# appropriate lubricant for fork and rear shock?



## FreakFlag (Aug 2, 2011)

What is the appropriate lubricant for Fox forks and rear shock? I did a search on this forum and google but couldn't find definitive answers.

The guy at my LBS says clean/floss the pistons with a rag, then just use a few drops of teflon lube on the piston and pump the fork/shock.

Is teflon lube ok? I read about shock oil, but also read that shock oil is a scam. Thanks.


----------



## osmarandsara (Jun 26, 2006)

The shock's internals have oil that constantly lubricate all the moving parts as you ride and compress it. If your seals are worn it is possible to lose oil then in that case you would have to have it serviced. 

Lubricating the shock with anything other than what is recommended by the manufacturer is probably not a good idea....if the seals are worn its possible you could contaminate what is already in there...

Instead of lubricating the seals externally, just place the bike upside down for a few minutes...the oil will flow down towards the seals and should be enough to lubricate anything that might be dry.


----------



## jeffgre_6163 (Jan 23, 2010)

I would suggest you read this thread.
It presents both sides of the suspension servicing debate.

If you cant be bothered the main points are this:
- Forks and suspension cannot be lubricated any where near adequately externally
- Service intervals for Fox suspension are around 50 hours
- READ the service manuals
- Neglect service intervals at your own financial risk - forks can and do fail permanantley due to poor/incorrect servicing

http://forums.mtbr.com/beginners-corner/care-feeding-forks-739538.html


----------



## bad mechanic (Jun 21, 2006)

jeffgre_6163 said:


> I would suggest you read this thread.
> It presents both sides of the suspension servicing debate.
> 
> If you cant be bothered the main points are this:
> ...


+1 :thumbsup:


----------



## theMeat (Jan 5, 2010)

bad mechanic said:


> +1 :thumbsup:


+2

Think it's a good idea to let mud dry, then wipe off before your next ride with an auto detailing brush or paint brush instead of mushing the mud around with a rag while wet.
Most seals don't do well with petroleum based lubes.

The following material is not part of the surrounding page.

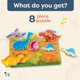 thumbnail image 5 of Puzzle de madera B. toys Peek & Explore Dinosaurs de 2 años o más, 5 of 6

Take an unused rubber o-ring and spray some spirits on it and see how much it grows.
Don't use a lube that's too tacky, like some chain lubes, or thick, like grease, so it doesn't attract dirt and dust.


----------



## Hutch3637 (Jul 1, 2011)

FreakFlag said:


> What is the appropriate lubricant for Fox forks and rear shock? QUOTE]
> 
> Finish Line Stanchion Lube, judy butter, or buzzy's slick honey. Most lbs's carry them.


----------



## DiRt DeViL (Dec 24, 2003)

For external lubrication you can use chain lube, have been doing it for years.


----------



## bad mechanic (Jun 21, 2006)

DiRt DeViL said:


> For external lubrication you can use chain lube, have been doing it for years.

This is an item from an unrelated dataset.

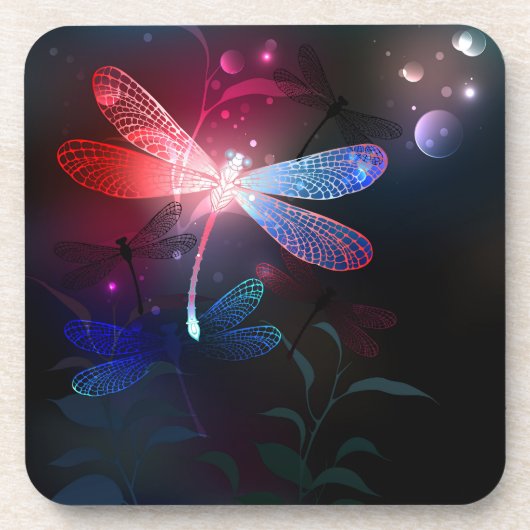 赤い白熱［赤熱］光を放つトンボ コースター (正面)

What, exactly, are you lubricating externally?


----------



## DiRt DeViL (Dec 24, 2003)

bad mechanic said:


> What, exactly, are you lubricating externally?

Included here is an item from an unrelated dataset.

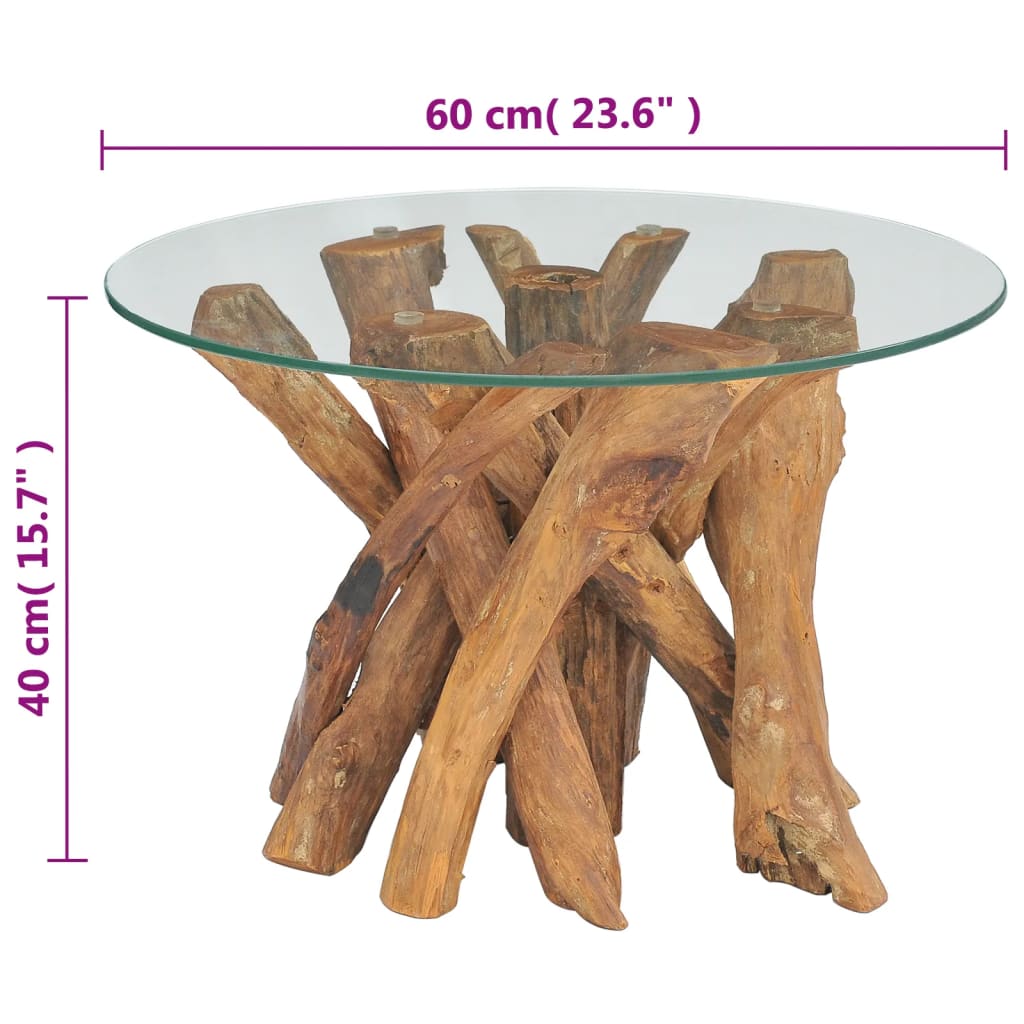 Coffee Table Solid Teak 60 cm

After a wash I drop some chain lube on the fork legs near the wipers.


----------



## bad mechanic (Jun 21, 2006)

DiRt DeViL said:


> After a wash I drop some chain lube on the fork legs near the wipers.


Don't do that. They don't need it, and the lube will only attract dirt. There's nothing on a fork or shock which can be lubricated externally.

It is, however, very important to keep up to date with maintenance.


----------



## silgot (Aug 6, 2010)

bad mechanic said:


> Don't do that. They don't need it, and the lube will only attract dirt. There's nothing on a fork or shock which can be lubricated externally.
> 
> It is, however, very important to keep up to date with maintenance.


I agree, if fork and rear shock are ok they don't need external lubrification


----------



## vaelin (Sep 3, 2009)

Actually, even with proper oil levels and such, all four of my Rock Shox forks (SID RLT Ti, Reba SL, Totem 2-Step, Boxxer RC) need a few drops of teflon oil on the wipers if they've been sitting for a week or longer, even upside down. The upper wipers dry out and until the suspension cycles several times, oil doesn't get up there. Even inverting it only gets oil up to the lube retention ring. The wipers are fairly tight from the factory, and if you just put a drop or two (then wipe away) before a ride, they'll maintain that tight tolerance. That means they'll be way more efficient for way longer at keeping dirt and grime out of your fork internals. Just wipe the excess away before riding.

It's the main cause I've seen of at least RS forks failing, as the dried out wipers cause micro-abrasions on the stanchions that become premature wear on the wipers and stanchions.


----------



## CHUM (Aug 30, 2004)

slick honey (as mentioned above) every once in a while...

and if someone comes on here and states that it's a paintball gun lube and not for suspension stanchions i am gunna strangle them....


----------



## bad mechanic (Jun 21, 2006)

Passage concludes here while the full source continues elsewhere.